■ Requirement
Word for word, copy the entire listing below, but do not carry over any pictures.

■ Source material
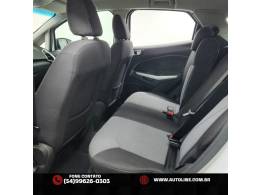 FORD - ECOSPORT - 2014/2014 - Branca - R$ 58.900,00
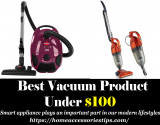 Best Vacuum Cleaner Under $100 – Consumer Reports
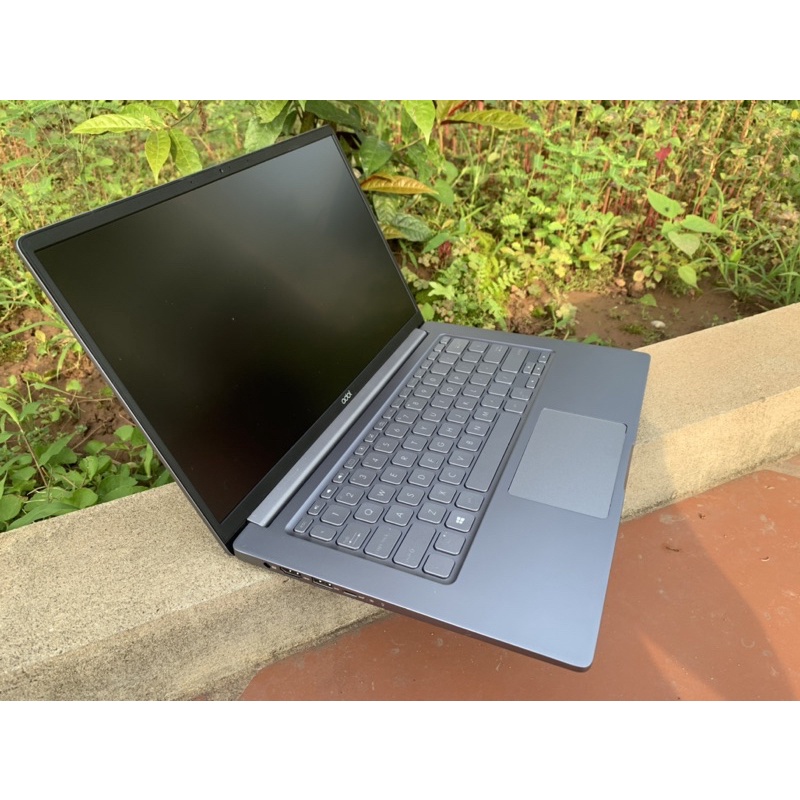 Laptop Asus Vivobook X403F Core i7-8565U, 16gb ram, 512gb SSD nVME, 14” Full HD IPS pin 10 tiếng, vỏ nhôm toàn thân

■ Result of the exercise
 FORD - ECOSPORT - 2014/2014 - Branca - R$ 58.900,00
 Best Vacuum Cleaner Under $100 – Consumer Reports
 Laptop Asus Vivobook X403F Core i7-8565U, 16gb ram, 512gb SSD nVME, 14” Full HD IPS pin 10 tiếng, vỏ nhôm toàn thân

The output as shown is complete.